でも、もう何年も前だし、憶えてないんじゃない?」

智がそう言うと、恵太は首を横に振った。


「めっちゃ憶えてます!

すごく綺麗な人だって思って見てたんですが、ママからこの人はニューハーフなんだよって聞いて、もうビックリしちゃって。
自分もその頃既にそういう風になりたいって興味が芽生えてたんで、そこから大ファンになりました。」


「それは、どうもありがとう
今はこんな太ったおばちゃんになっててごめんね」


「いえ、今も素敵ですし、すごーく美人です。
なんかドキドキしてます。」


「もう、大げさね。」


「いえ、本当です。」


ここで、由香里も話に入ってきた。


「こんな事聞いて大変失礼なんですが
じゃあ智さんは莉愛ちゃんと血の繋がりは」


「はい。あります。
戸籍上も実際にも、ワタシは莉愛の父親で、母親はこの子がまだ保育園の頃に病気で他界しました。」


「そうだったんですね」


「小学2年生のときにママと再会して、今に至るって感じです。」

莉愛は笑って言った。


その後も智への質問をする恵太は、一々感心し、さらに目を輝かせた。


だが、由香里が恵太の話を始めると、少し空気が変わった。

「この子が周りの子たちと違うって感じたのは物心ついてからの事でした。
男の子の遊びには一切興味を示さず、女の子とばかり遊んだり
最初は一時的な事で、小学校に上がるとまた変わるかなって思ったんですけどダメでした。

私も主人も無知だったので、色々調べてみたんですが、恵太の趣向や性自認は一時的なものではなくて、生まれつきのものだとわかったんです。

それからは恵太の好きに生きさせるようにしました。
女の子の服装がいいといえば、それを買い与え、お人形さんが欲しいと言えば、買ってプレゼントしました。

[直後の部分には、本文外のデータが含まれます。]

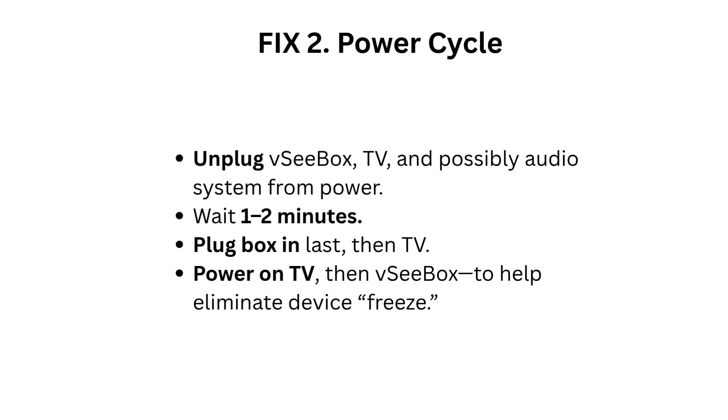Fix 2: Power cycle. Unplug the VC Box, TV, and possibly the audio system from power. Wait 1 to 2 minutes. Plug the box in last, then the TV. Power on the TV first, then the VC Box. This helps eliminate device freeze.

それでも高校までは普通に暮らして、それより先は好きにさせようと、敢えて校則の厳しい全寮制の学校に入れたのですが、馴染む事が出来ずに、皆からイジメを受けて、一学期すら続かず学校を辞めて家に戻ってきました。

その後、通信制の高校に入学させましたが、所詮は通信制なので、人に接することもなく、所謂引きこもりになってしまい、無為の日々を過ごしていました。

そんな時に、莉愛ちゃんからご連絡をいただいて、お言葉に甘えて来た次第なんです。」


智は莉愛と顔を見合わせて頷いた。